C++: function creation using array

Write a function which has:

input: array of pairs (unique id and weight) length of N, K =< N  
output: K random unique ids (from input array)  

Note: being called many times frequency of appearing of some Id in the output should be greater the more weight it has. Example: id with weight of 5 should appear in the output 5 times more often than id with weight of 1. Also, the amount of memory allocated should be known at compile time, i.e. no additional memory should be allocated.

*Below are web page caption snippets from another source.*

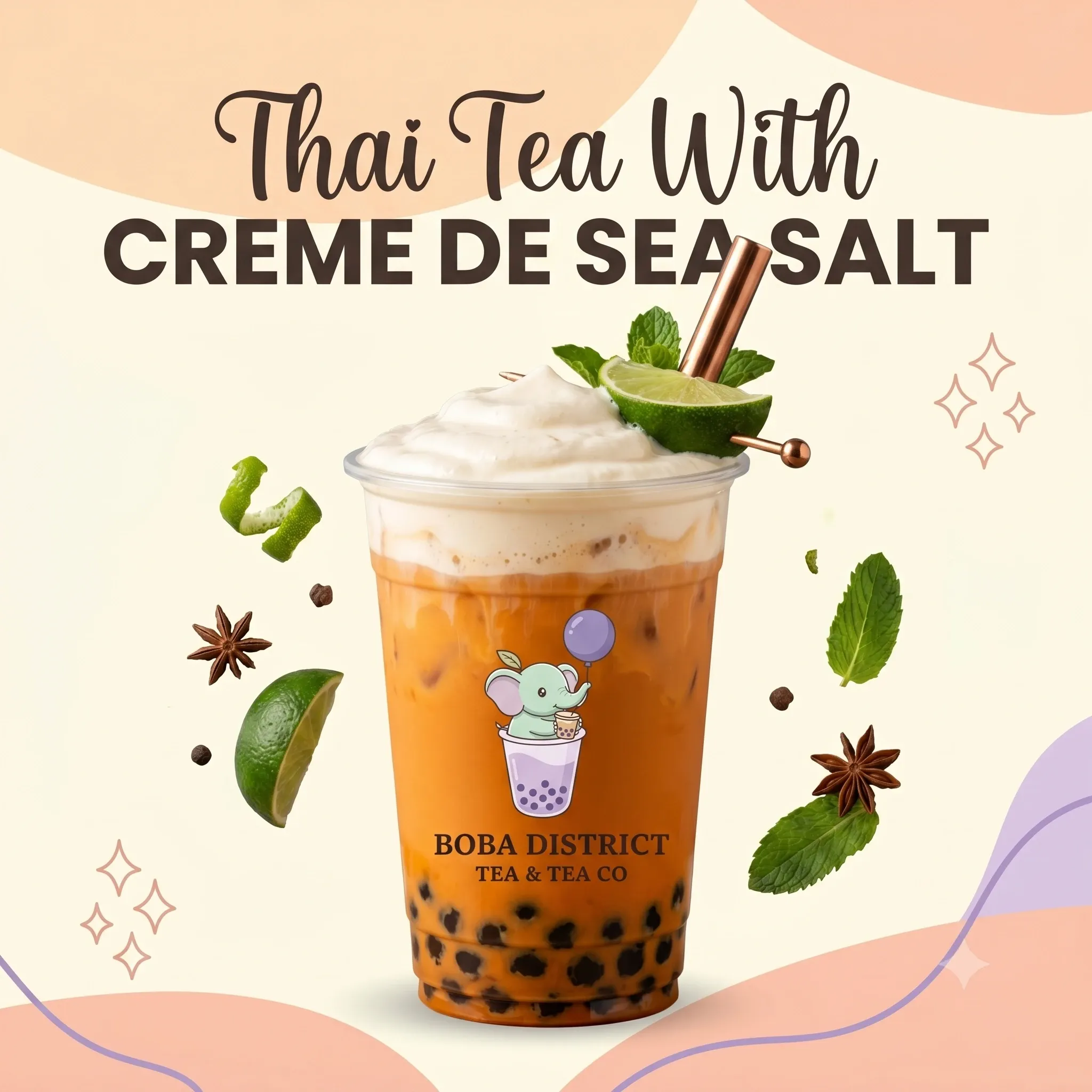 Signature Boba,Drinks dishes - Fast online ordering from Boba District.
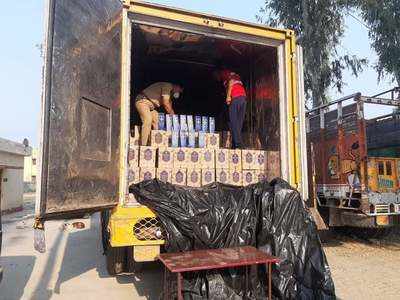 5.56 lakh litres of liquor seized in ‘dry’ Bihar since poll announcement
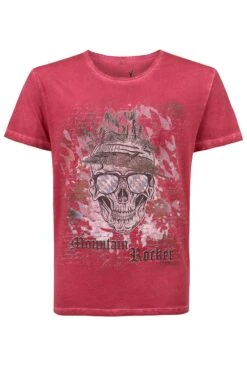 Trachtenshirt Rot Hektor 011094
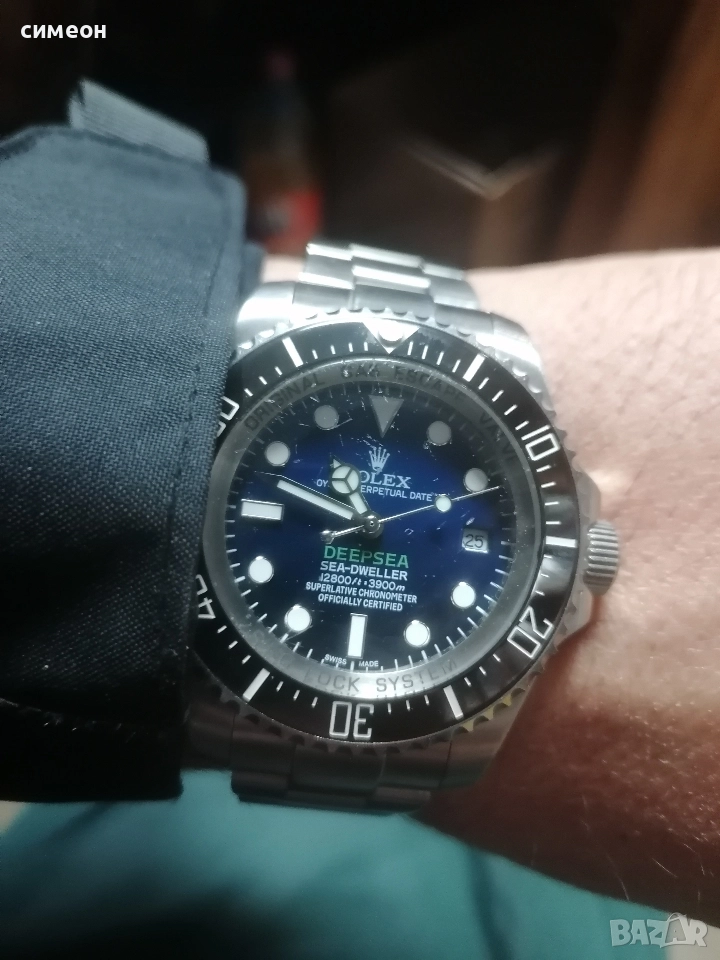 Часовник Rolex Deepsea, снимка 1
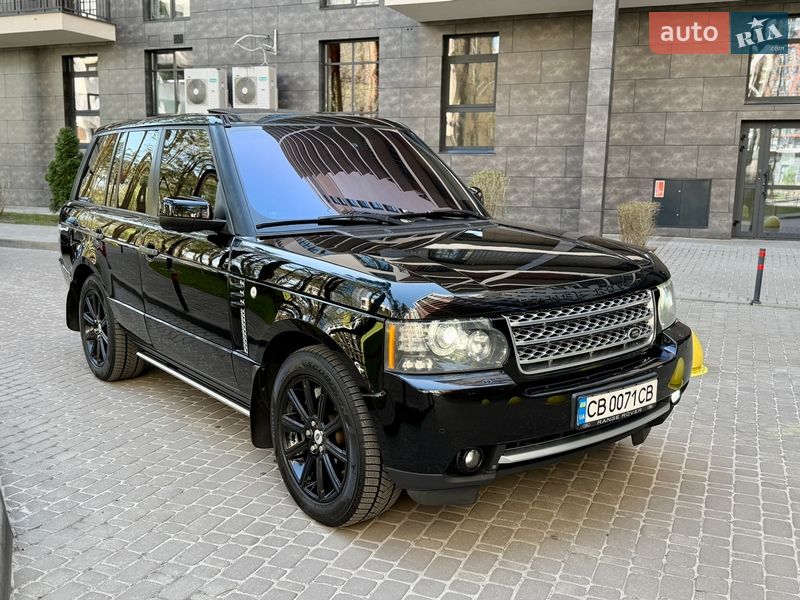 Land Rover Range Rover 2010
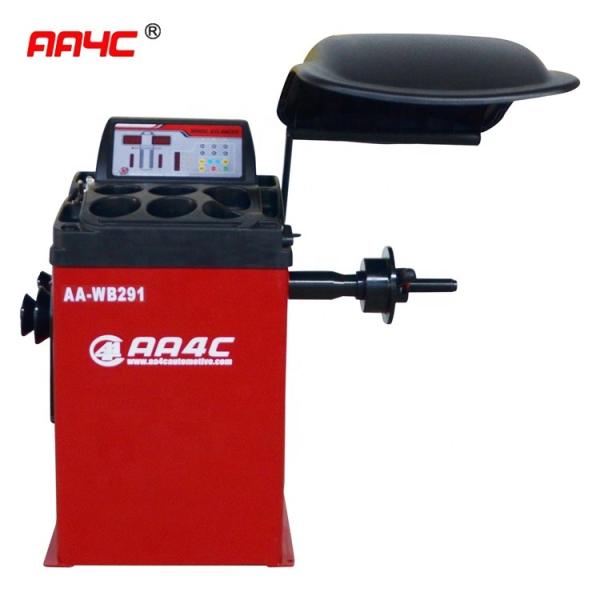 Buy Manual Car Wheel Balancer Semi Automatic Tire Service Machines at wholesale prices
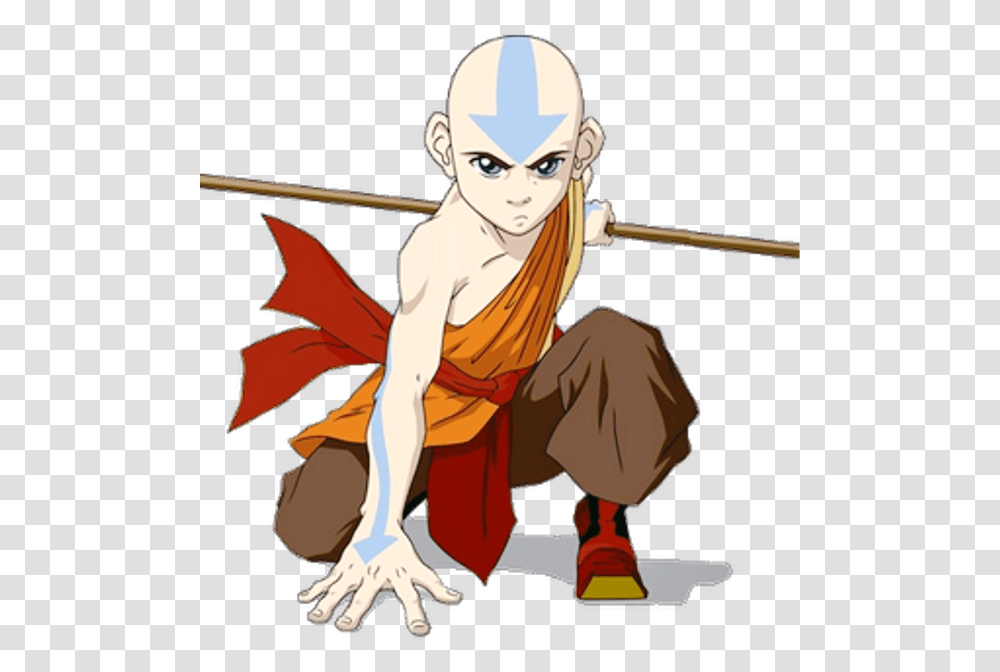 Aang Avatar Aang, Person, Human, Weapon, Weaponry Transparent Png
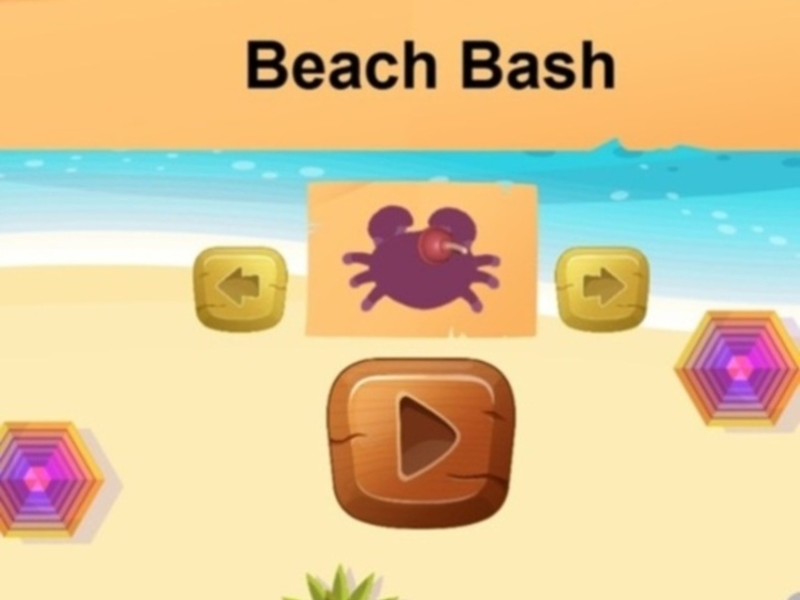 Juego Fiesta en la playa  en línea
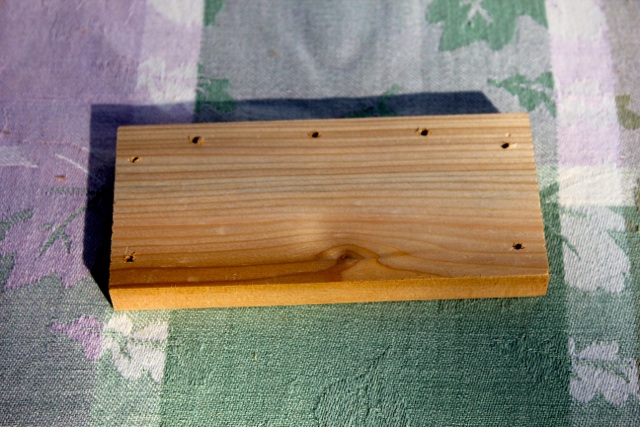 How to Make Cedar Plank Trays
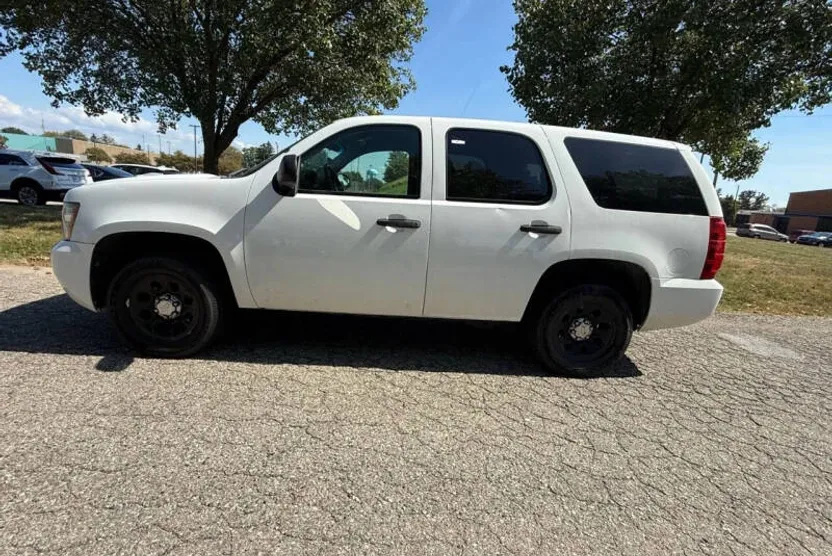 2009 Chevrolet Tahoe Police Pursuit Vehicle photo 1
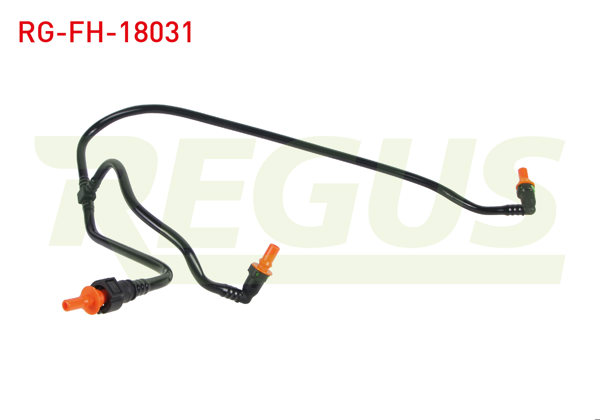 REGUS RG-FH-18031 | Yakıt Hortumu (Geri Dönüş) 3 Çıkış Fiat Fiorino 1.3 Mjt 2007 -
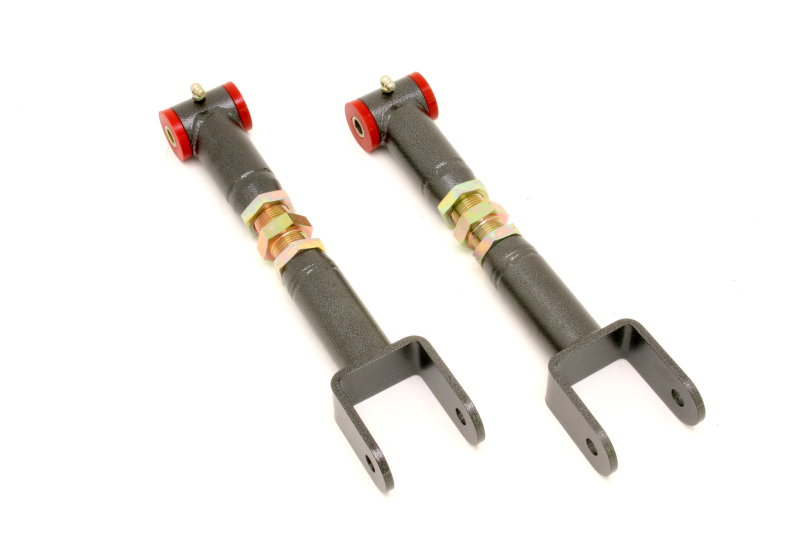 BMR 64-67 A-Body Upper Control Arms On-Car Adj. (Polyurethane) - Black Hammertone thumbnail 2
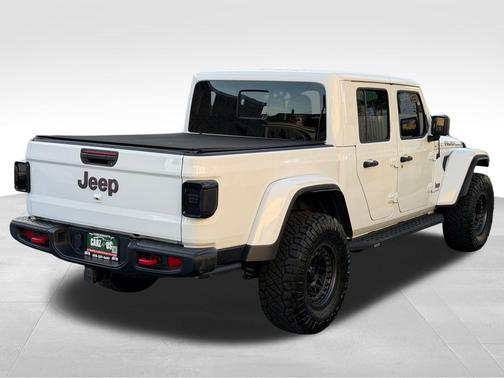 Bright White Clearcoat 2021 Jeep Gladiator Rubicon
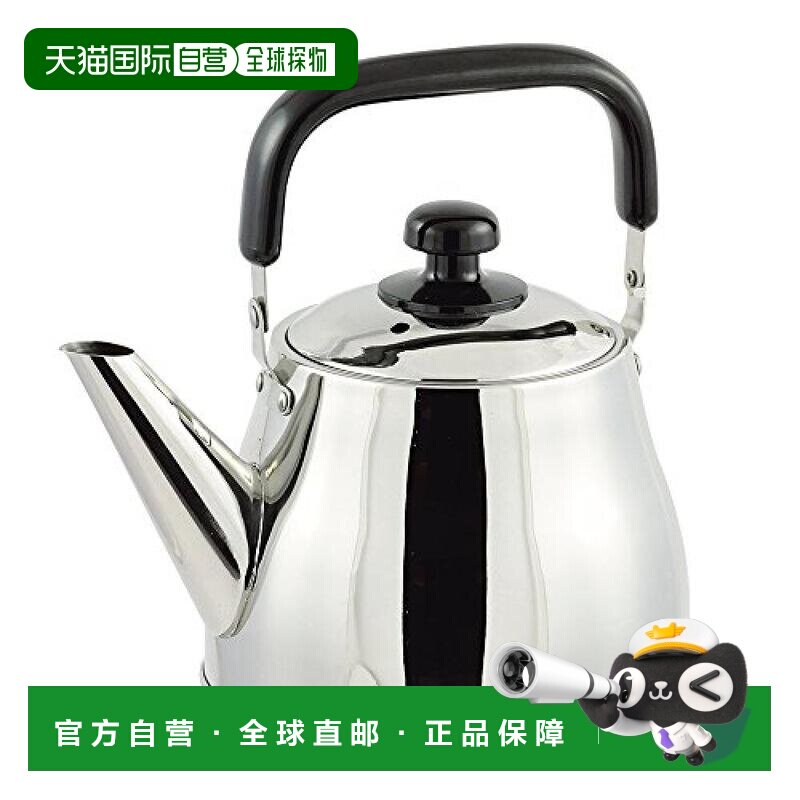 【日本直邮】Pearl Metal珍珠金属 不锈钢电磁炉适用 2.5L水壶HB-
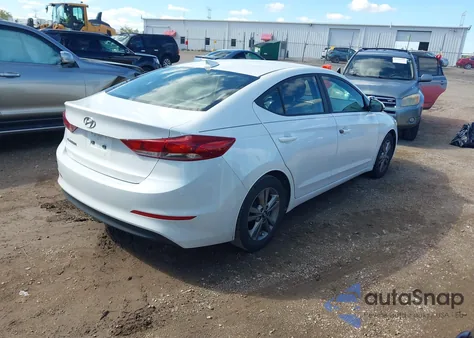 2017 Hyundai Elantra Se from USA, damaged, VIN 5NPD84LF6HH179869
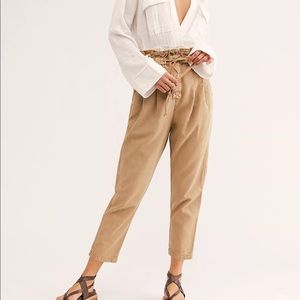 Free People Margate Pleated Trouser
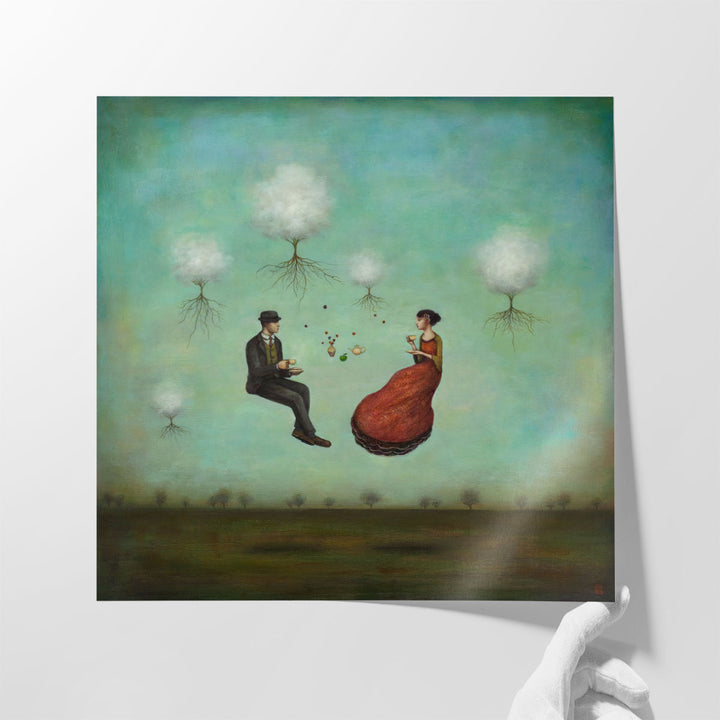 Gravitea For Two - Canvas Print Wall Art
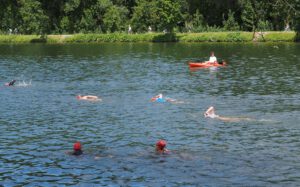 Neu am Start: Der Raiffeisentriathlon – Am 15. August im und um das Waldschwimmbad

My question is: how to solve this task?

EDIT thanks for responses everybody! currently I can't understand how weight of pair affects frequency of appearance of pair in the output, can you give me more clear, "for dummy" explanation of how it works?

Answers


My short answer: in no way.

Just because the problem definition is incorrect. As Axn brilliantly noticed:

There is a little bit of contradiction going on in the requirement. It states that K <= N. But as K approaches N, the frequency requirement will be contradicted by the Uniqueness requirement. Worst case, if K=N, all elements will be returned (i.e appear with same frequency), irrespective of their weight.

Anyway, when K is pretty small relative to N, calculated frequencies will be pretty close to theoretical values.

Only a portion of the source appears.